The timing also makes sense for non-market-size reasons. Women are asking for more passive tracking and less manual logging. Perimenopause is finally getting more product attention. Privacy worries around reproductive data are now a real buying factor, not a niche talking point. Sensor-driven health products are maturing fast enough that startups can credibly argue the body has been broadcasting these signals all along — we just didn’t have the models to read them. Clair is arriving right in the middle of that shift.

Final take on the Clair Health wearable

The Clair Health wearable is one of the more ambitious femtech hardware bets in a while, mostly because it’s trying to do something harder than prettier period tracking. It wants to turn passive wearable signals into hormone-aware insight that feels useful in everyday life and credible in clinical conversations.

But ambition isn’t the same thing as proof.

What to watch next is simple: whether Clair ships on time in late 2026, whether independent validation holds up outside company-run testing, and whether this continuous hormone monitor can earn trust as something more than a very polished promise.

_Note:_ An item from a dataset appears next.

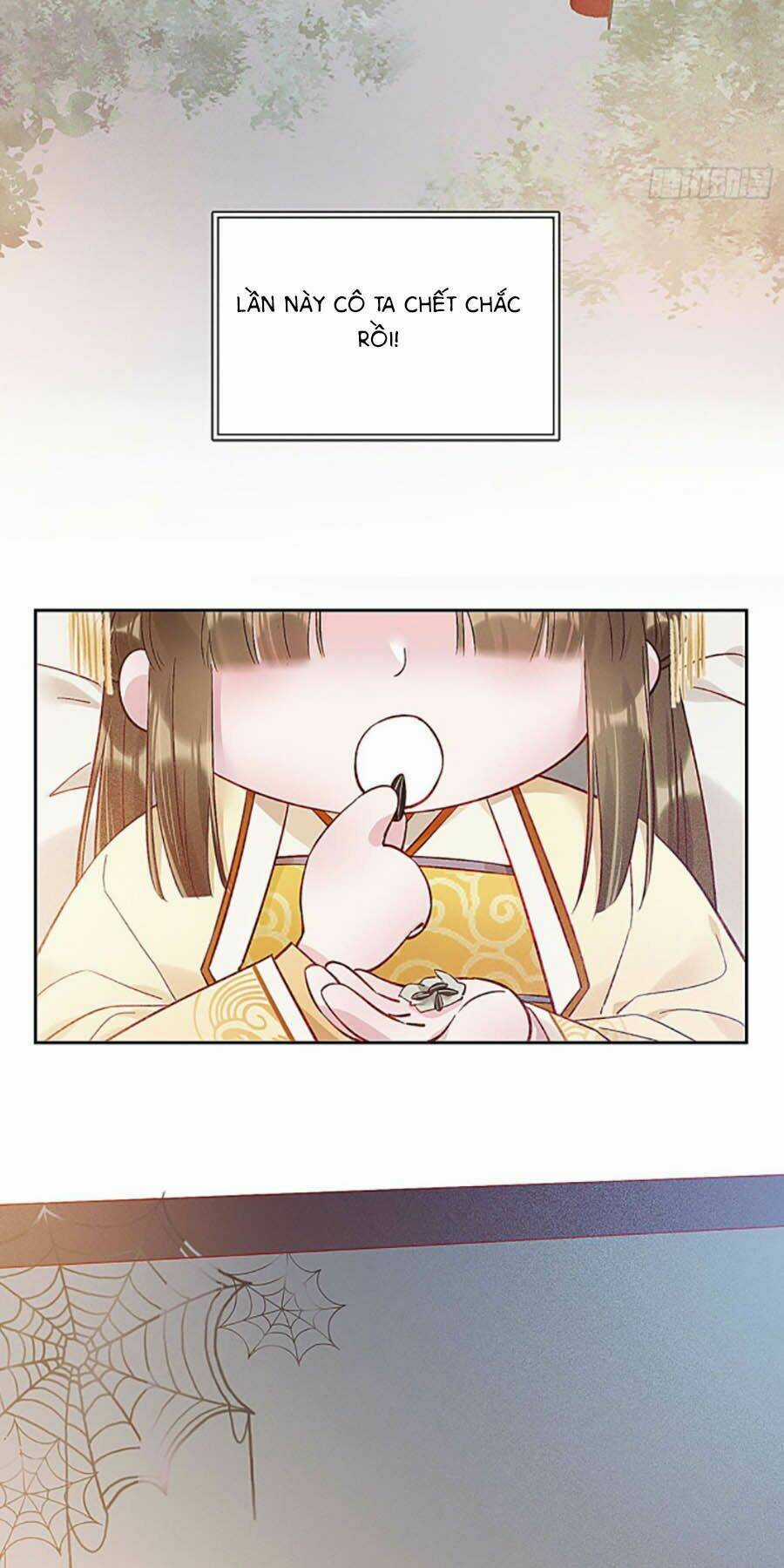 Quý Phi Lúc Nào Cũng Muốn Được Lười Biếng Chapter 1 trang 35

Read how Critical Energy raised a $19M seed round led by Susa Ventures and Upfront Ventures to build modular geothermal turbines that help developers deploy always-on clean energy faster through factory-built power generation systems.

FAQ

  • What funding did Clair Health raise?
    Clair Health raised $11.6 million in a round led by Khosla Ventures, with backing from a16z speedrun, Brydge Club, Treehub, Cartan Capital, AGI House, Insiders VC, Anne Wojcicki, and Stephanie Coleman. A Fortune report published on June 17, 2026 described the financing as an $11 million seed round, so there’s a small difference in how the raise has been reported.
  • How does the Clair Health wearable work?
    Clair’s device is a wrist-worn wearable tied to a mobile app that uses a 10-sensor stack and AI models to infer hormone-related patterns from continuous physiological data. The company says it tracks signals tied to estrogen, progesterone, LH, FSH, and PdG, then turns those into cycle-phase insights, predictions, charts, and wellness guidance without relying on blood draws or urine strips.
  • Who founded Clair Health?
    Clair Health was founded by Stanford graduates Jenny Duan and Abhinav Agarwal after the two met in 2025 and started building soon after. Duan studied Symbolic Systems and came to the idea through women’s health advocacy and startup work, while Agarwal brought the wearable and sensor background.
  • Is Clair Health a femtech company or a wearable startup?
    It’s both. Clair sits in femtech because it’s focused on women’s hormonal health, fertility timing, perimenopause, and cycle-related insights, but it’s also a wearable health hardware company because the core product is a sensor-driven device with an app and recurring subscription layer.